WHAT YOU SHOULD DO –
Leave out pictures; repeat exactly the lines from the "改善阅读学习条件,特别是近年来多次向宁德市有关单位捐赠了大量图书" line through the last of the data below.

INFORMATION PROVIDED –
▼
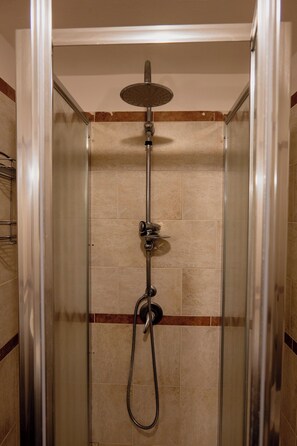 Deluxe Room | Bathroom | Towels - Agriturismo Baglio San Pietro (Nicosia)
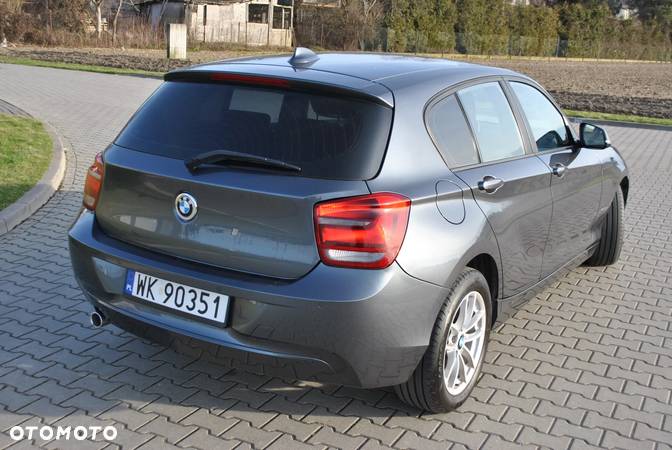 BMW Seria 1 116d Sport Line - 3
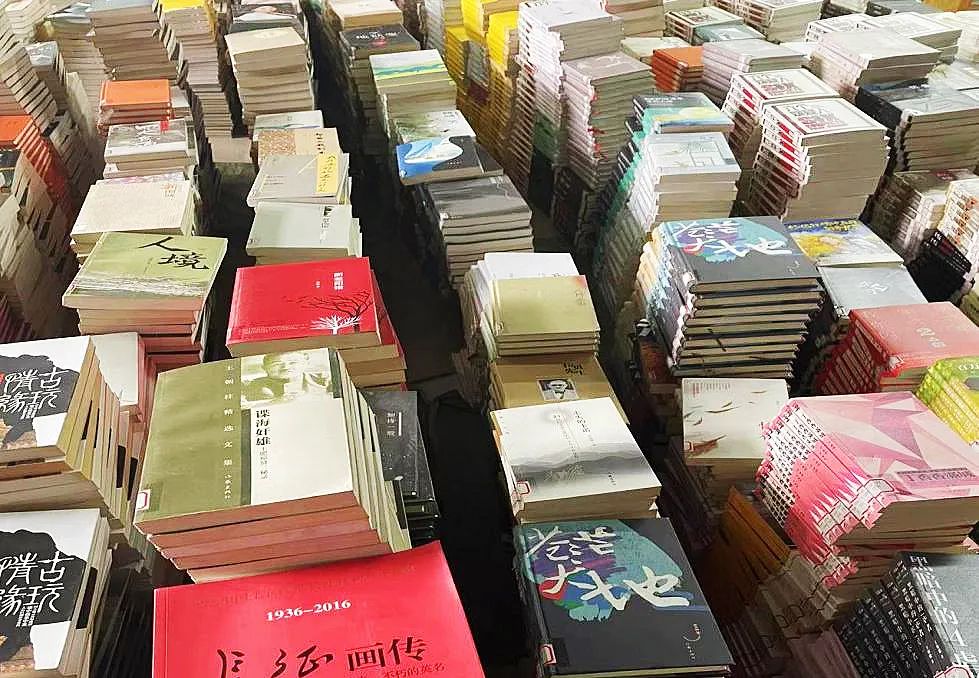 改善阅读学习条件,特别是近年来多次向宁德市有关单位捐赠了大量图书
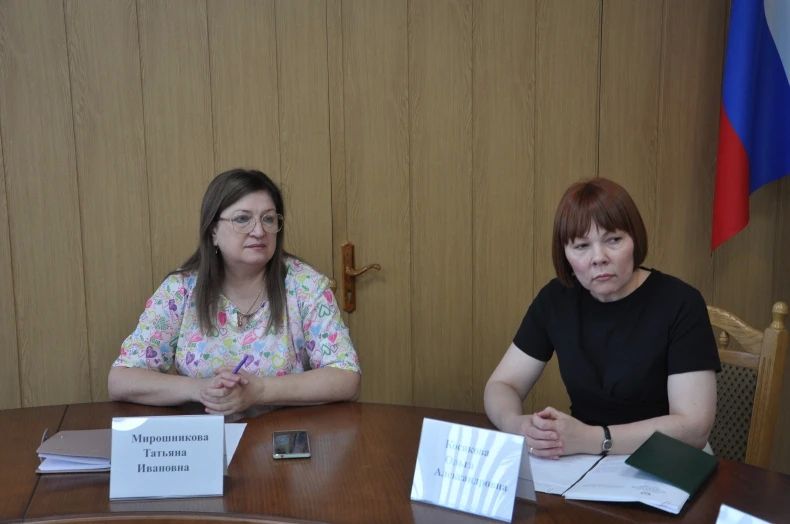 Проведено заседание Комиссии по делам несовершеннолетних и защите их прав Проведено заседание Комиссии по делам несовершеннолетних и защите их прав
▲
RESULT FOR THIS EXERCISE –
 改善阅读学习条件,特别是近年来多次向宁德市有关单位捐赠了大量图书
 Проведено заседание Комиссии по делам несовершеннолетних и защите их прав Проведено заседание Комиссии по делам несовершеннолетних и защите их прав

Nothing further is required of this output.